For Type I asynchronous networks, the protocol designer supplies the consensus protocol first, then the adversary chooses her Δ. For Type II asynchronous networks, the adversary picks the Δ and the protocol designer (knowing Δ) supplies the consensus protocol, then the adversary chooses the GST. The definition of partial synchronous networks in [5, 20, 17] is the second type of partial synchronous networks. That is, the value of Δ is known but the value of GST is unknown. In such kind of networks, the adversary can selectively delay, drop, or re-order any messages sent by honest participants before an unknown time GST. But the network will become synchronous after GST. Several BFT protocols in the literature (e.g., Tendermint, GRANDPA, and the current version of LibraBFT dated on Nov. 8, 2019) uses Type II networks, but they also assume that no message gets lost. With this additional assumption, the network is actually a Type I network since all messages are delivered within a time period GST+Δ where GST is unknown and Δis known.

For the Type I network model, Denial of Service (DoS) attack is not allowed since message could be lost with DoS attacks. We think that it is more natural to use Type II asynchronous networks for distributed BFT protocol design and analysis. Thus the subject matter described herein generally refers to Type II network scenarios.

3 Reliable Broadcast Communication Channels

The difference between point-to-point communication channels and broadcast communication channels has been extensively studied in the literature. A reliable broadcast channel requires that the following two properties be satisfied.

- 1. Correctness: If an honest participant broadcasts a message m, then every honest participant accepts m.
- 2. Unforgeability: If an honest participant does not broadcast a message m, then no honest participant accepts m.

For complete networks, reliable broadcast protocols have been proposed in Bracha [2]. For a given integer k, a network is called k-connected if there exist k-node disjoint paths between any two nodes within the network. In non-complete networks, it is well known that (2t+1)-connectivity is necessary for reliable communication against t Byzantine faults (see, e.g., Wang and Desmedt [19] and Desmedt-Wang-Burmester [7]). On the other hand, for broadcast communication channels, Wang and Desmedt [18] showed that there exists an efficient protocol to achieve probabilistically reliable and perfectly private communication against t Byzantine faults when the underlying communication network is (t+1)-connected. The crucial point to achieve these results is that: in a point-to-point channel, a malicious participant P₁can send a message m₁to participant P₂and send a different message m₂to participant P₃though, in a broadcast channel, the malicious participant P₁has to send the same message m to multiple participants including P₂and P_3.If a malicious P₁sends different messages to different participants in a reliable broadcast channel, it will be observed by its neighbors.

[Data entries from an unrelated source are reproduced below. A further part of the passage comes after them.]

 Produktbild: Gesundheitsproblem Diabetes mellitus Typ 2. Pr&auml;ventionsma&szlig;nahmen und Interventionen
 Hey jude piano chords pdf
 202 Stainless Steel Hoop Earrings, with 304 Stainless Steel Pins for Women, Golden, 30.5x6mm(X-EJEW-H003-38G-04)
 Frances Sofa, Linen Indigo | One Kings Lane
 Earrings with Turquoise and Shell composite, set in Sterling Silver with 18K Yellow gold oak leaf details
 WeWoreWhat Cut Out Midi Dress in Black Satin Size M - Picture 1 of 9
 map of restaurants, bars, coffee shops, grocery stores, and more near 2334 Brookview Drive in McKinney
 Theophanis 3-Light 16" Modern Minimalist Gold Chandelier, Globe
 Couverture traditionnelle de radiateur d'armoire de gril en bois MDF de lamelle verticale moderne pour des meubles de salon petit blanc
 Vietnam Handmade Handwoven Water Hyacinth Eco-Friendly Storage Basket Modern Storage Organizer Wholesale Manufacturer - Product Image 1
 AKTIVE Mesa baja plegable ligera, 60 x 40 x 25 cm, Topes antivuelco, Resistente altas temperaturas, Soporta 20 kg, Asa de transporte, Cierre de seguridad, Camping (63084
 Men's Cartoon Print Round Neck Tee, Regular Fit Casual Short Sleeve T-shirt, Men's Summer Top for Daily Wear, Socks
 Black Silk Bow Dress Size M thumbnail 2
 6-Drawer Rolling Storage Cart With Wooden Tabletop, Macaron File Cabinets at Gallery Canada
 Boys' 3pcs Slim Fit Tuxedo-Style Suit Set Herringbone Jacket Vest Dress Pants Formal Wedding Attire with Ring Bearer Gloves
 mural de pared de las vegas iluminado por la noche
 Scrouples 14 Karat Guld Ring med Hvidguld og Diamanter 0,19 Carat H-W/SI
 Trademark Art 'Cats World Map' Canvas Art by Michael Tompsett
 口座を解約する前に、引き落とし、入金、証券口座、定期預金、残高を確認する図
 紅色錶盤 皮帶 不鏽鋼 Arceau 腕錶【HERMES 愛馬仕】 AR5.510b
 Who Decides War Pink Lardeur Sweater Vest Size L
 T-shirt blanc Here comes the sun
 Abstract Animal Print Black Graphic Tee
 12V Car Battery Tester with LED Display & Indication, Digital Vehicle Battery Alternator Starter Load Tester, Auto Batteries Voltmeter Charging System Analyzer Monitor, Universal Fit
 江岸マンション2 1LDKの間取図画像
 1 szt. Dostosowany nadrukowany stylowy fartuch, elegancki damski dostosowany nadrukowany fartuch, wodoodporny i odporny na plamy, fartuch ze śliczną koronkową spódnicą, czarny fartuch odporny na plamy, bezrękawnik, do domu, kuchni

Though broadcast channels at physical layers are commonly used in local area networks, it is not trivial to design reliable broadcast channels over the Internet infrastructure since the Internet connectivity is not a complete graph and some direct communication paths between participants are missing (see, e.g., [14, 19]). Quite a few broadcast primitives have been proposed in the literature using message relays (see, e.g., Srikanth and Toueg [16], Bracha [2], and Dwork-Lynch-tockmeyer [9]). In the message relay based broadcast protocol, if an honest participant accepts a message signed by another participant, it relays the signed message to other participants. However, in order for these message relay based broadcast protocol to be reliable, it requires that the network graph is complete which is not true for the Internet environments.

A broadcast channel is unreliable if a malicious participant could broadcast a message m₁to a proper subset of the participants but not to other participants. That is, some participants will receive the message m₁while other participants will receive a different message m₂or receive nothing at all. In next sections, we show that several BFT protocols are insecure due to the lack of reliable broadcast channels before GST (messages before GST could get lost or re-ordered by the definition). Thus it is important to design BFT protocols that could tolerate unreliable broadcast channels before GST.

In the following sections, if not specified explicitly, we will assume that there are n=3t+1 participants P₀, . . . , P_n−1for the BFT protocol and at least t of them are malicious. Furthermore, we assume that each participant has a public and private key pair where the public key is known to all participants. We use the notation <⋅>_ito denote that the message is digitally signed by the participant P_i.

4 Security Analysis of Tendermint BFT Protocol

Buchman, Kwon, and Milosevic [3] initiated the study of BFT protocols as a finality gadget for blockchains. Specifically, the authors in [3] proposed Tendermint BFT as an overlay atop a block proposal mechanism.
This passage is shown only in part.